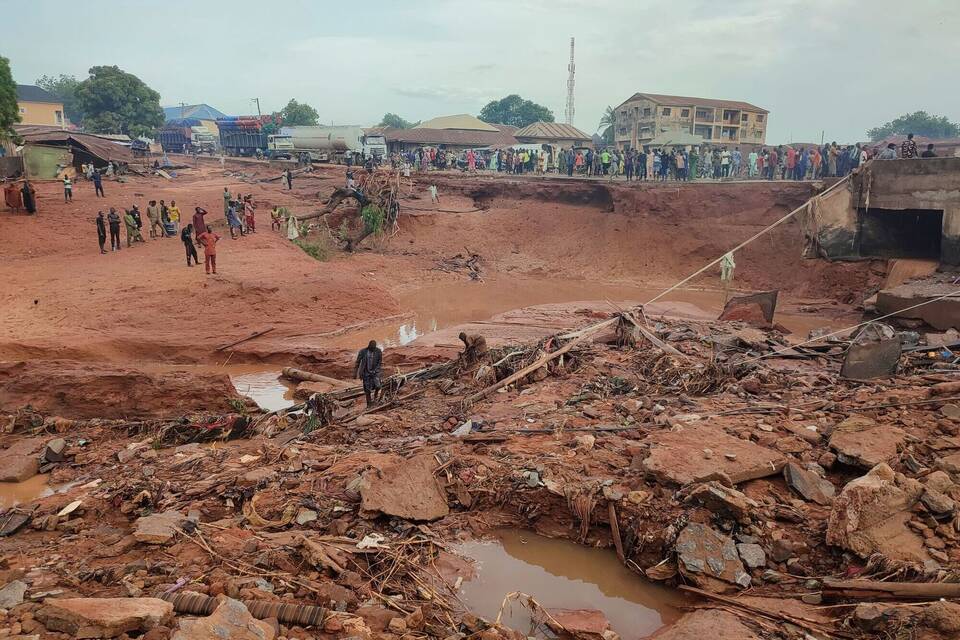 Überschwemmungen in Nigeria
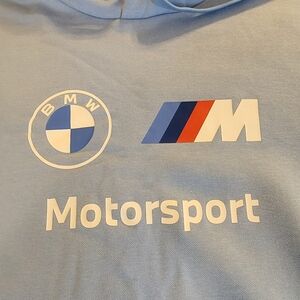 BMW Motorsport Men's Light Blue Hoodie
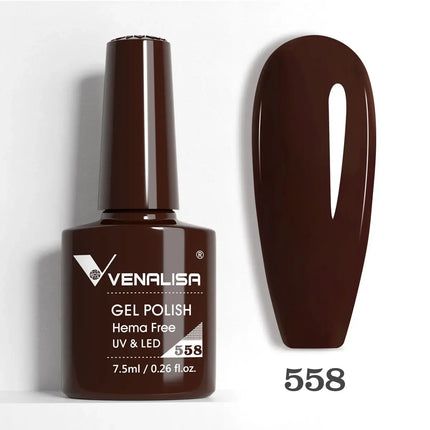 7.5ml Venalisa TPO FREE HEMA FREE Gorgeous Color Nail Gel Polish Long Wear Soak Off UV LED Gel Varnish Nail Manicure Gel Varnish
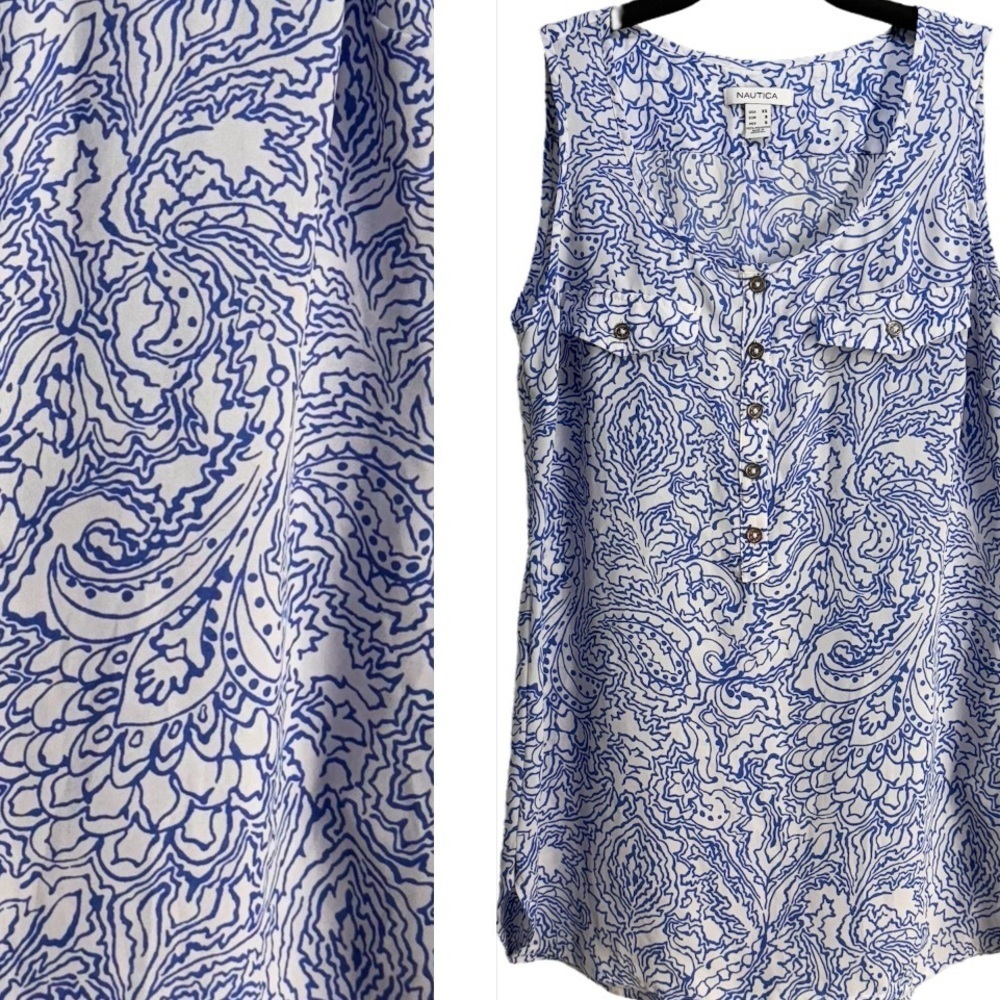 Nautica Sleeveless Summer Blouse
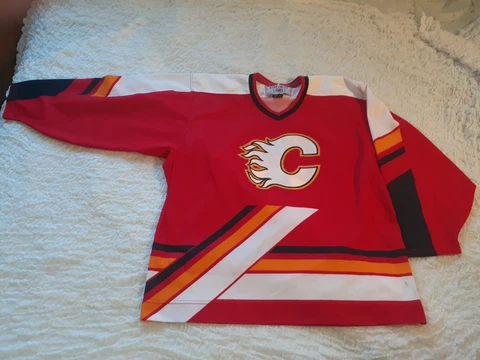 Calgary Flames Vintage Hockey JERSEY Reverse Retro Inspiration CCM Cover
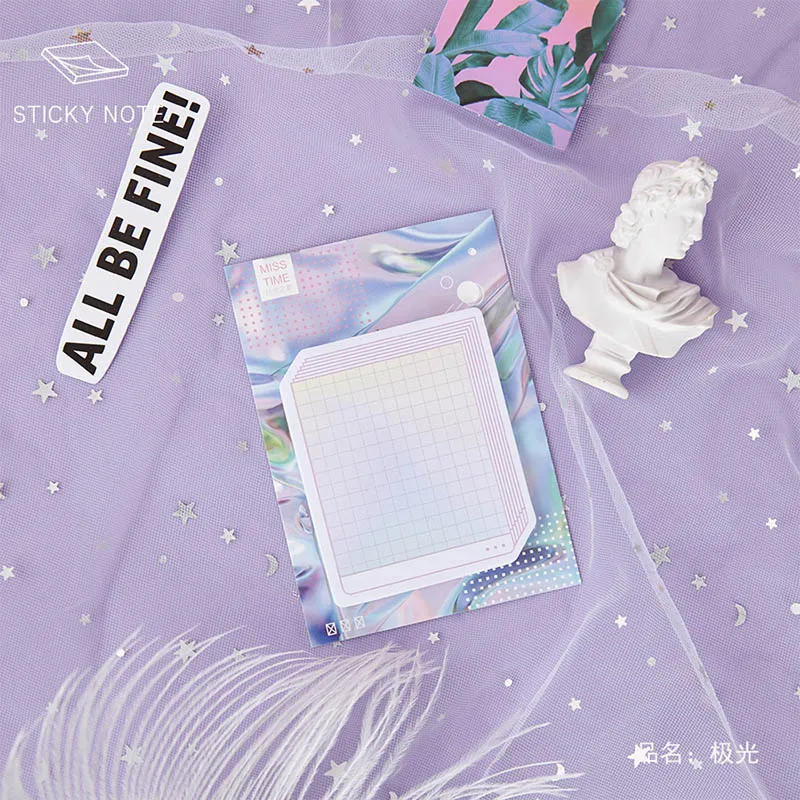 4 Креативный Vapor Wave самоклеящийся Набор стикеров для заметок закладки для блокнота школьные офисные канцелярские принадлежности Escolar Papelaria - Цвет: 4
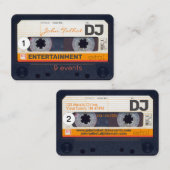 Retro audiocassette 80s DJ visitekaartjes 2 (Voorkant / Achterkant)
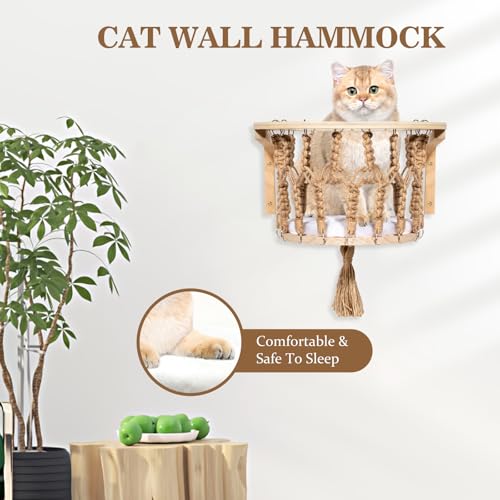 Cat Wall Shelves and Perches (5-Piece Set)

-*-

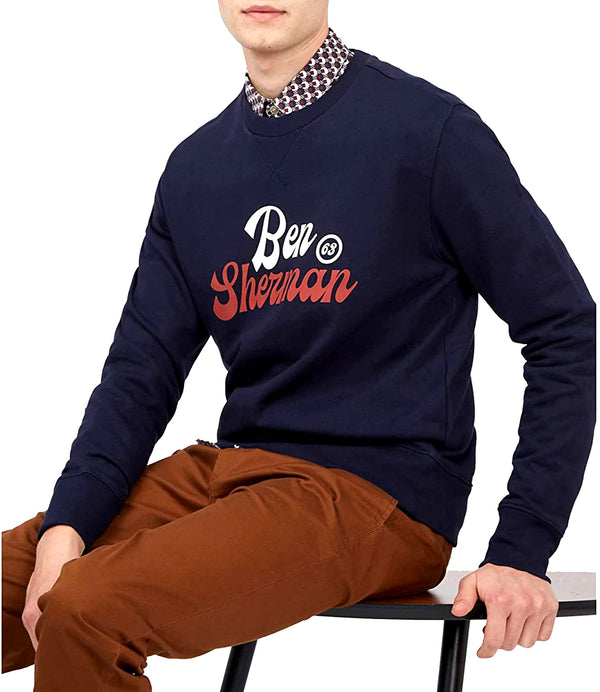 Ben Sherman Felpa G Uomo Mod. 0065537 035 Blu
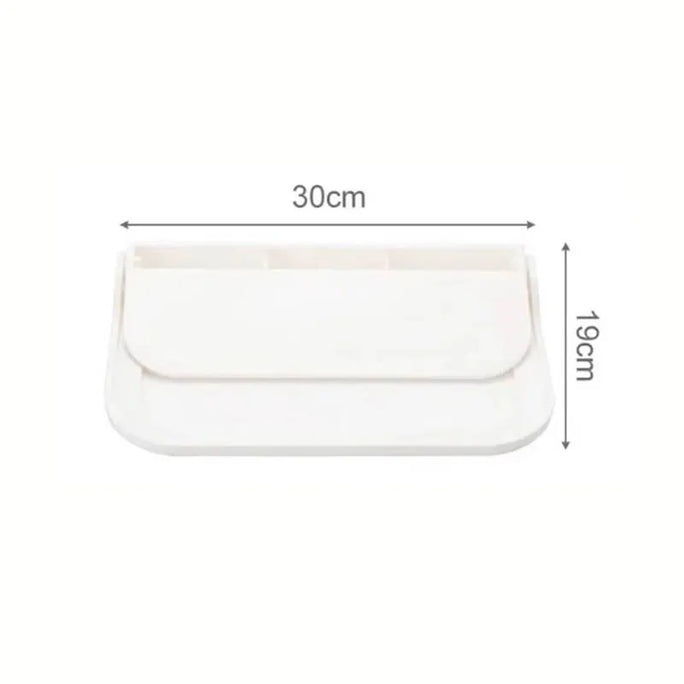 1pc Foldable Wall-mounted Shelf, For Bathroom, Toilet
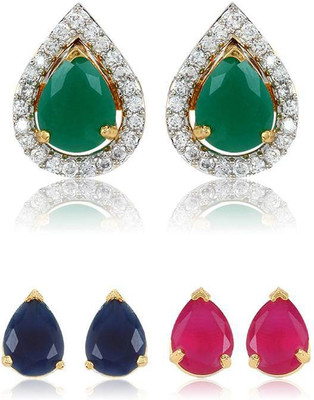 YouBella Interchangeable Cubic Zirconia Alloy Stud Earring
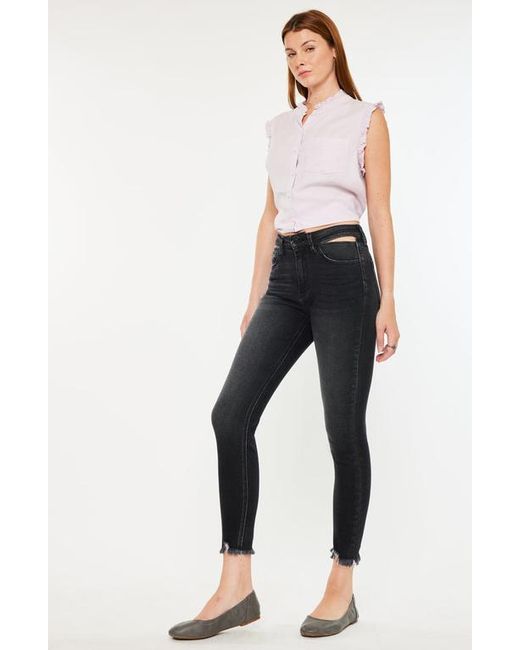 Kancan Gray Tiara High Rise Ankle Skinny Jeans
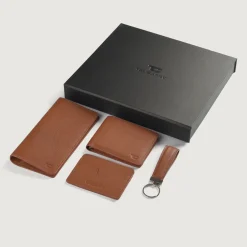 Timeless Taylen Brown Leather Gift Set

-*-

* Work to complete
Your task is to copy only the lines above starting at the one containing "BMW Motorsport Men's Light Blue Hoodie" and ending at the one containing "Cat Wall Shelves and Perches (5-Piece Set)". Copy them exactly, both ends included, and omit the pictures.

* Exercise solution
 BMW Motorsport Men's Light Blue Hoodie
 7.5ml Venalisa TPO FREE HEMA FREE Gorgeous Color Nail Gel Polish Long Wear Soak Off UV LED Gel Varnish Nail Manicure Gel Varnish
 Nautica Sleeveless Summer Blouse
 Calgary Flames Vintage Hockey JERSEY Reverse Retro Inspiration CCM Cover
 4 Креативный Vapor Wave самоклеящийся Набор стикеров для заметок закладки для блокнота школьные офисные канцелярские принадлежности Escolar Papelaria - Цвет: 4
 Retro audiocassette 80s DJ visitekaartjes 2 (Voorkant / Achterkant)
 Cat Wall Shelves and Perches (5-Piece Set)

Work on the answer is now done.